100メートル位参道を進むと大きな山門がある。
「仁王門」といわれる門で、相当な年数を経ているらしく、柱の根元は朽ちかけ、茅葺の屋根は修理中で覆いがかけられていた。



門の左の壁に
「二十番天皇寺 あまてら寿 わかおほ君の 道な良蕗 かを里は法話 庭も榮む」?
の和歌と思われる額が、



右には「薩波若」という額が掲げられていた。 



山門の右側に鐘楼の土台だけが露わになっており、



改築修理中の模様で山門の裏脇に鐘が置かれていた。



寺の本堂は、瓦葺きのどっしりと落ち着いた風格のある建物で、



大棟や破風など至る所に伊達の紋が取付られていた。



本堂前の池にあ菖蒲の花が咲き誇っていたが、



この池は「ひさご池」といい、本堂の前にこの池に関わる長文の説明が書かれていた。



秀吉が天下統一した後、諸大名が秀吉に恭順の意を示すため、秀吉のシンボルである「千成瓢箪」にあやかって盛んに瓢箪池を造ったという。
政宗も領内に瓢箪池を造らせたが、家康の天下となって、政宗は各大名と同様に家康の気持ちを慮って瓢箪池の取り壊したが、この池は木柵を用いて作ったために腐食が進んで瓢箪の形が崩れてしまったため、取り壊されずに後々まで残ったとのことである。
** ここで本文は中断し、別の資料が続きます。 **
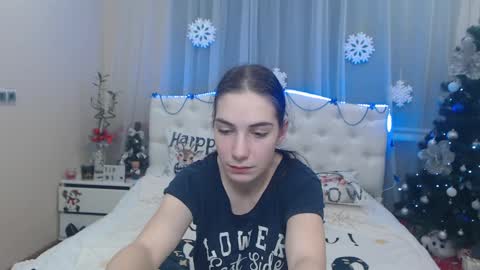 Snapshot of nikastarkk chatting on December 19, 7:29 pm nikastarkk online show from December 19, 7:29 pm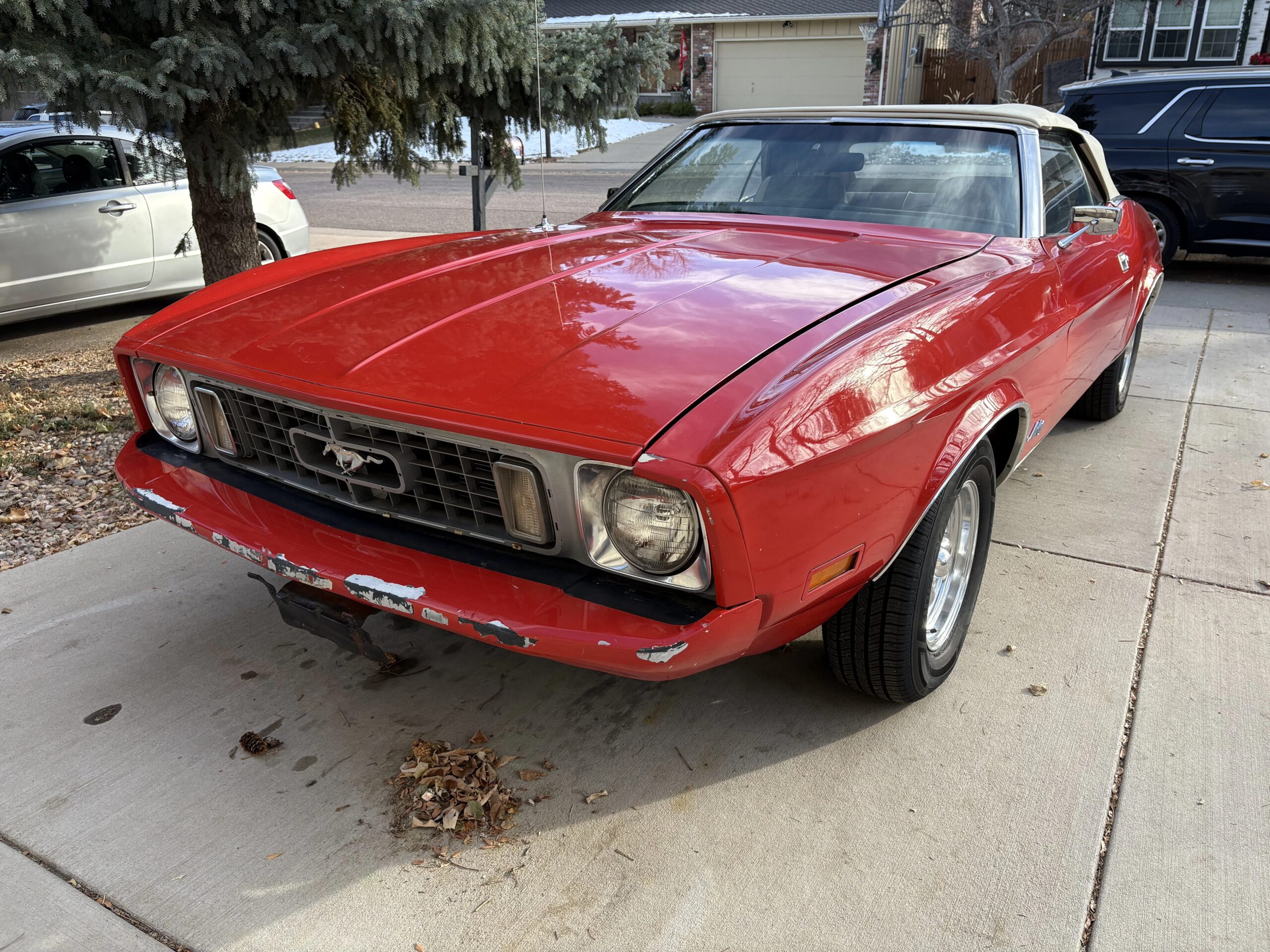 Ford-Mustang-convertible-1973-Red-White-11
本堂に向って左手が墓地になっているが、吉岡城主であった伊達宗清公(政宗の三男)の墓は左の奥にある。
広い区画の中に意外と小ぶりな五輪の塔が建てられ、手前に宗清公の経歴などの説明板が立っていた。



伊達 宗清は、江戸時代初期の仙台藩一門の重臣。黒川郡吉岡城館主。
慶長5年(1600年)伊達政宗の三男として生まれる。
慶長9年(1604年)に飯坂宗康の養嗣子となる。
慶長15年(1610年)に11歳で元服し、後に伊達姓を賜り伊達河内守宗清と称した。
黒川郡吉岡3万8千石を領し下草城に入り、元和元年(1615年)に吉岡城の築城にかかり、翌年に吉岡城に移った。
子に恵まれないまま、寛永11年(1634年)7月22日に死去した。(享年35才)。
死去の際に大和田佐渡ほか7人が殉死した。




五輪の塔には、地・水・月・火・空 の5文字が刻まれていた。




「飯坂の局」の墓は墓地の中央奥にある。



左手前に「飯坂の局」の経歴などを書いた説明板が建てられ経歴の説明書きがあった。



伊達政宗の側室。伊達秀宗の生母、伊達宗清の義母。別名(松森の局、吉岡の局)
飯坂城主・飯坂右近宗康の次女として生まれ、伊達政宗の側室となって米沢城に入り「飯坂の局」と呼ばれるようになる。
1591年秀宗を産む。
後に疱瘡を患い、米沢から松森に移って隠棲し「松森の局」と呼ばれるようになる。
1604年、生母の新造の方を亡くした政宗の三男・伊達宗清を引き取って養子とし、翌年に実家の飯坂家を継がせた。
1616年、吉岡城主となった宗清に伴って吉岡に移り「吉岡の局」と呼ばれた。
1634年に66歳で死去した。


こちらの墓石も、五輪の塔で宗清公のものと同様に、地・水・月・火・空 の5文字が刻まれていた。



 
※ 地・水・火・風・空は「五大」といわれ、宇宙(あらゆる世界)を構成しているとするの五つの要素

  地 - 大地・地球を意味し、固い物、動きや変化に対して抵抗する性質。
  水 - 流体、無定形の物、流動的な性質、変化に対して適応する性質。
  火 - 力強さ、情熱、何かをするための動機づけ、欲求などを表す。
  風 - 成長、拡大、自由を表す。
  空 - サンスクリット語(アーカーシャ)の訳。虚空とも訳される。